Hi everyone! I am trying to update an old project of mine where I have three nested for loops as such:
scratch = zeros(Float32, tree_nodes, nthreads())
collect_here = zeros(Float32, nthreads())
for i in eachindex(V)
@threads for j in eachindex(M)
@views collect_here[threadid()] = tree_traversal!(scratch[:, threadid()], tree)
end
result = do_stuff(collect_here)
...
end
Where tree_traversal! does considerable work on a binary tree and needs a relatively large amount of scratch memory. In this old setting I was able to just allocate the memory in one go beforehand and I could avoid relying on locking mechanisms. After moving to OhMyThreads and setting up my scratch memory in @local, I am now spending approximately 20% of my time in the task allocating this memory (from @btime), which is a penalty I cannot really afford…

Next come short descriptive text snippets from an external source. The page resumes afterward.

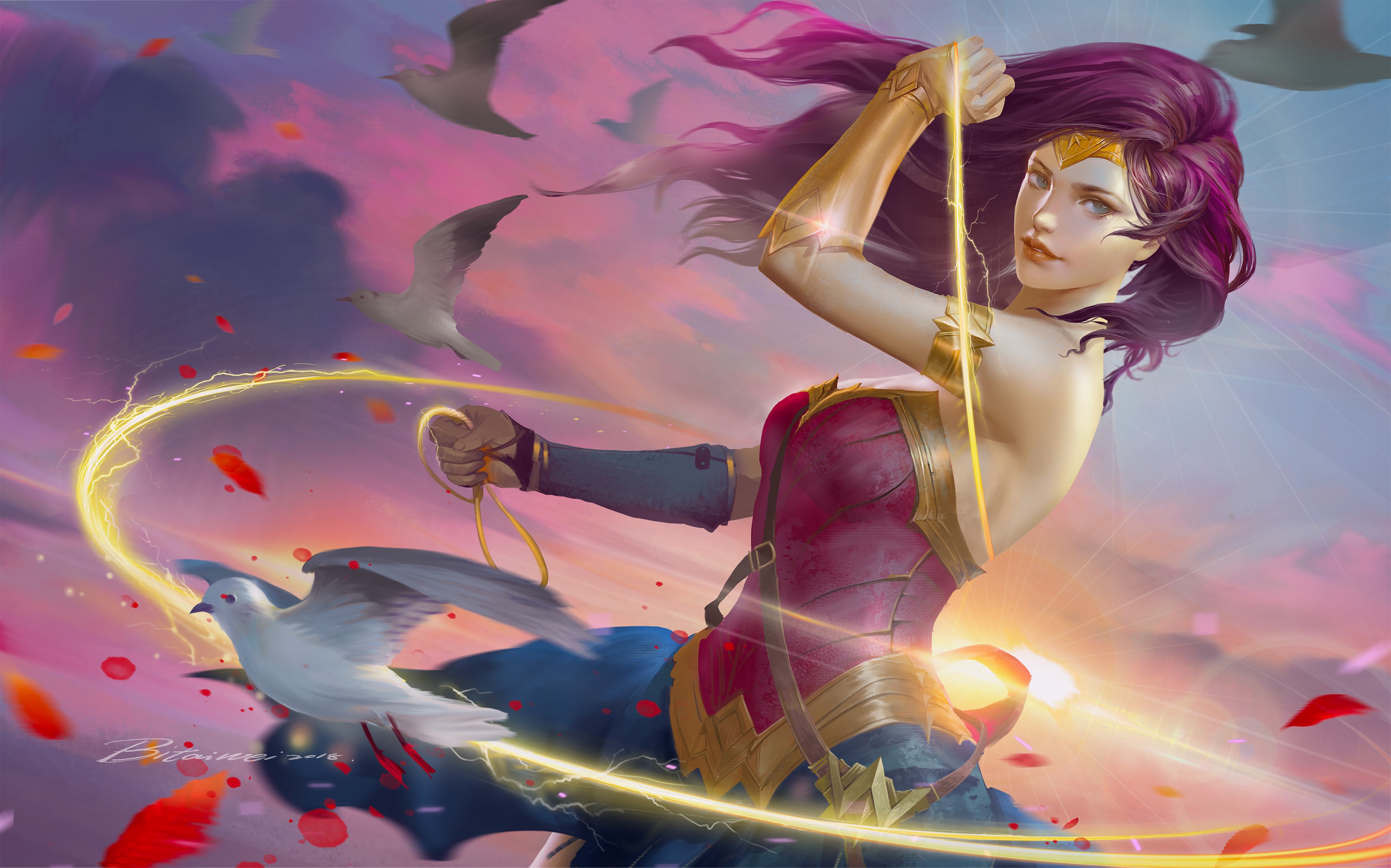 wonder woman, hd, 4k, superheroes, artist, artwork, behance, digital art, HD Wallpaper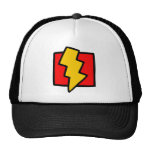 Red Blue and Yellow Lightning Bolt Trucker Hat Red Blue and Yellow Lightning Bolt Trucker Hat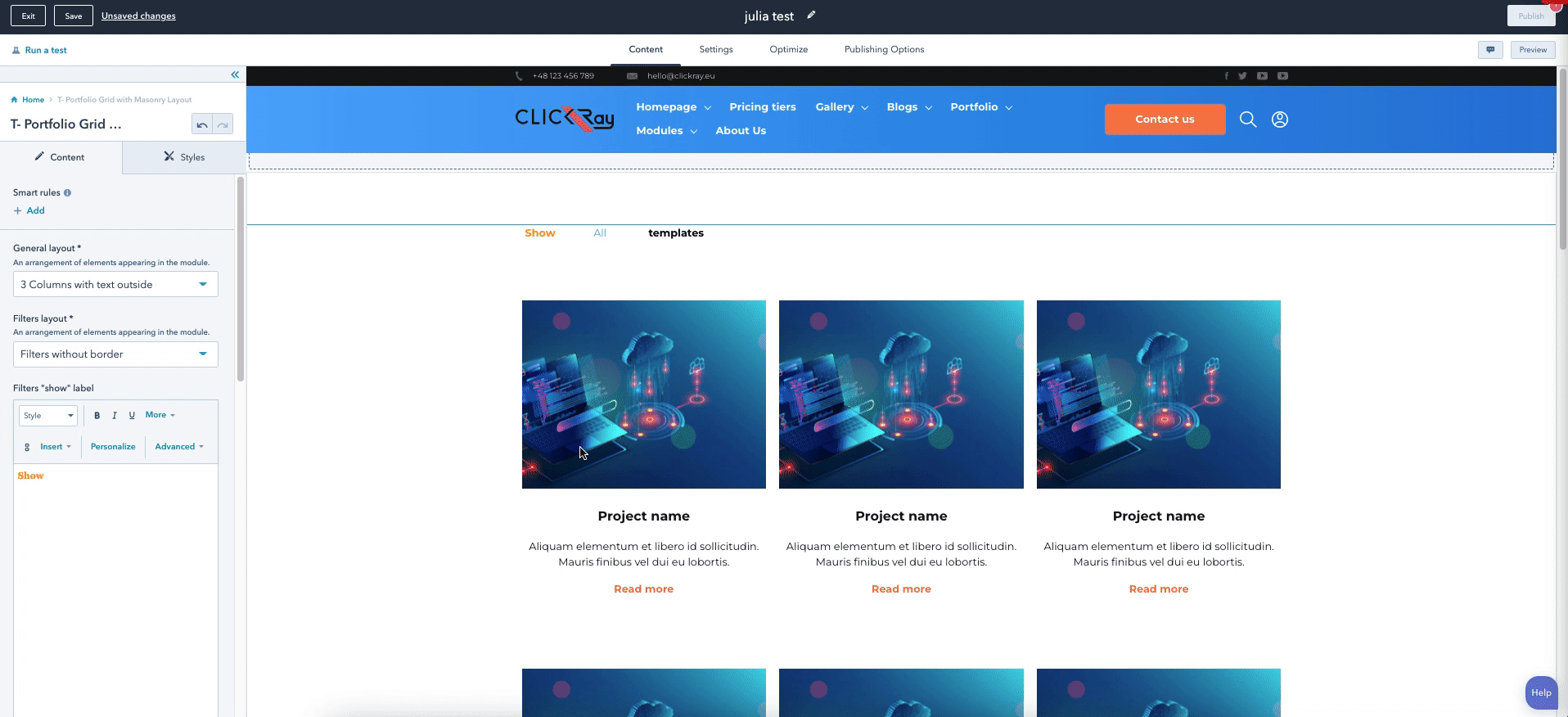 T- Portfolio Grid with Masonry Layout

I am aware of the option of using the :static scheduler, but would like to avoid this.
using OhMyThreads
for i in eachindex(V)
collect_here = @tasks for j in eachindex(M)
@set collect = true
@local scratch = zeros(Float32, tree_nodes)
tree_traversal!(scratch, tree)
end
result = do_stuff(collect_here)
...
end
Is there any sort of well-supported way of setting up some sort of pool for scratch memory, where this allocated scratch memory can be reused between tasks in different iterations of the outer loop? Or am I stuck having to allocate this memory in every such iteration.